Hongkong hält trotz Massenprotest an Auslieferungsgesetz fest
HONGKONG. Nach der größten Demonstration in Hongkong seit der Übergabe der ehemaligen britischen Kronkolonie an China sind die Fronten im Streit um das geplante Auslieferungsgesetz verhärtet.
Während die Chefin der chinesischen Sonderverwaltungszone, Carrie Lam, am Montag ihr Festhalten an dem Entwurf bekräftigte, kündigten die Organisatoren der Massenproteste neue Demonstrationen für Mittwoch an. Lam bezeichnete den Gesetzestext, der Auslieferungen auch an Festlandchina ermöglichen soll, am Montag als "sehr wichtig" zur Wahrung des Rechts. Er stelle zudem sicher, dass Hongkong seine internationalen Verpflichtungen im Kampf gegen grenzüberschreitende Kriminalität erfülle.
Das umstrittene Gesetzesvorhaben der pro-chinesischen Führung in Hongkong sieht vor, dass Auslieferungen künftig in jegliche Rechtssysteme möglich sein sollen, mit denen nicht bereits Auslieferungsabkommen bestehen. Erstmals würden damit auch Auslieferungen an das chinesische Festland möglich.
Bisher hatte Hongkong davon Abstand genommen, weil das chinesische Justizsystem wenig transparent und die Verhängung der Todesstrafe weit verbreitet ist. Kritiker befürchten, auch Dissidenten und Kritiker Chinas könnten künftig ausgeliefert werden - auch wenn die Führung in Hongkong beteuert, dies sei nicht der Fall.
Die von Peking eingesetzte Führung Hongkongs verteidigt das Vorhaben mit Gesetzeslücken, die gestopft werden müssten. Die Verwaltung hat bereits einige Zugeständnisse gemacht, so wurden etwa neun Wirtschaftsverbrechen von der Liste der zu einer Auslieferung berechtigenden Verstöße gestrichen.
Eine Million Teilnehmer bei Demos
Gegen das geplante Gesetz hatten am Sonntag in Hongkong Hunderttausende Menschen friedlich demonstriert. Die Teilnehmer riefen Slogans wie "Schafft das böse Gesetz ab" und "Gegen Auslieferungen an China". Die laute, bunte und dicht gedrängte Menschenmenge erstreckte sich kilometerweit in den Straßen der chinesischen Sonderverwaltungszone.
Die Organisatoren sprachen von mehr als einer Million Teilnehmern, die Polizei von 240.000. Es war die größte Demonstration seit der Übergabe der ehemaligen britischen Kronkolonie an China im Jahr 1997.
Am späten Sonntagabend setzten Polizisten Schlagstöcke und Pfefferspray ein, als sie gegen Demonstranten vorgingen, die vor dem Parlament ein Nachtlager aufschlagen wollten, wie ein Reporter der Nachrichtenagentur AFP berichtete. Protestteilnehmer warfen unter anderem Flaschen auf die Beamten.
Am Donnerstag hatten bereits tausende schwarzgekleidete Anwälte gegen das geplante Gesetz demonstriert. Für Mittwoch, wenn der Entwurf wieder debattiert werden soll, riefen die Organisatoren der Massenproteste zu neuen Demonstrationen vor dem Parlament auf.
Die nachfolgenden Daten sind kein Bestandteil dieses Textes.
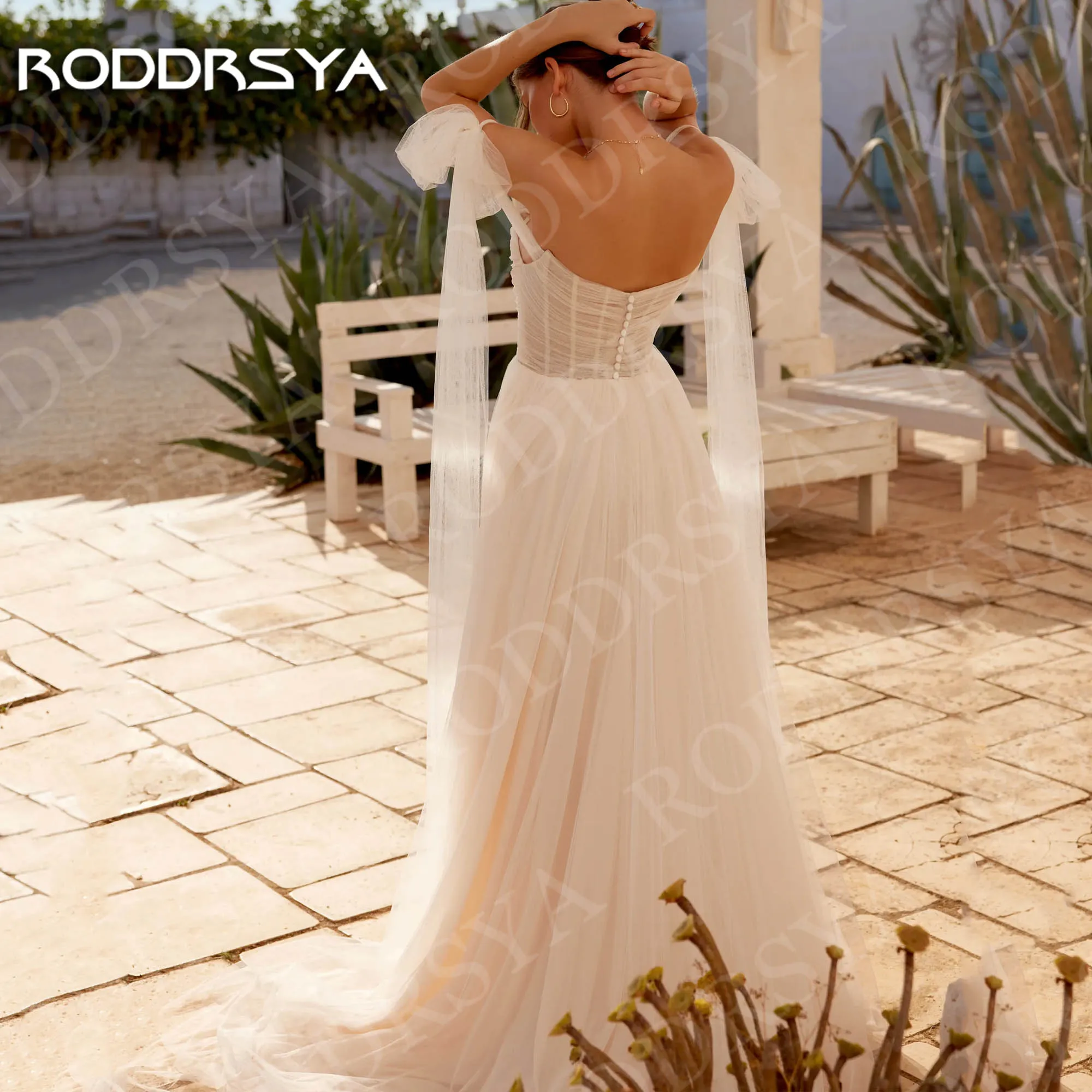 RODDRSYA Boho Beach Wedding Dress Bride Elegant Off Shoulder Tulle Bridal Dresses Bohemian Customized Sweep Train robe de mariee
Staatsmedien machen Westen verantwortlich
Die chinesischen Staatsmedien machten den Westen für die Proteste mitverantwortlich. Die "Global Times" schrieb von "internationalen Kräften", welche die Hongkonger Opposition unterstützten. Die "China Daily" sprach von "ausländischen Verbündeten" der Gegner des Gesetzesvorhabens. Ein Sprecher des chinesischen Außenministeriums verbat sich am Montag "jegliche Einmischung von außen".
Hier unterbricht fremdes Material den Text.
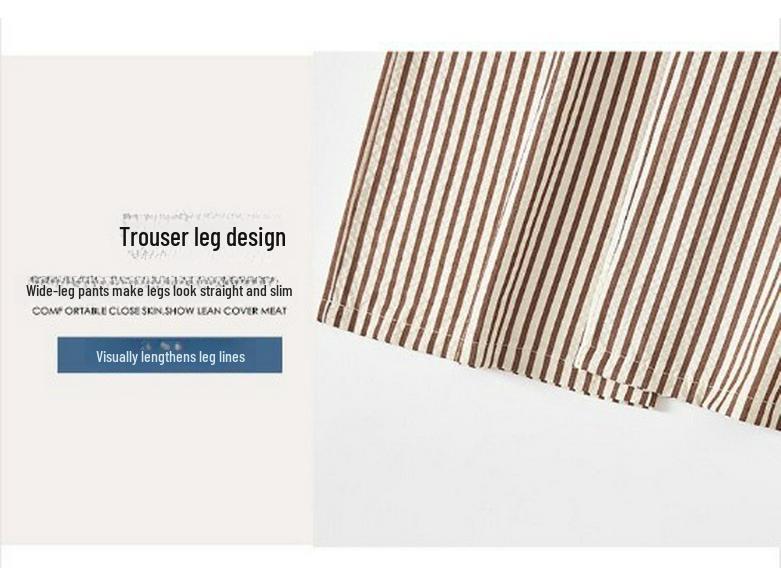 2025 Frühling/Sommer Damen High Waist Schwarz & Weiß Gestreifte Weitbein Freizeithose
Bei der Übergabe hatte Peking Hongkong unter der Formel "Ein Land, zwei Systeme" für 50 Jahre weitreichende innere Autonomie zugesagt. In Hongkong gelten daher Grundrechte, die den Bürgern der Volksrepublik vorenthalten werden, etwa Meinungs- und Pressefreiheit. Die Opposition wirft Peking jedoch vor, sich zunehmend in Hongkongs Angelegenheiten einzumischen und damit die Autonomievereinbarungen zu verletzen.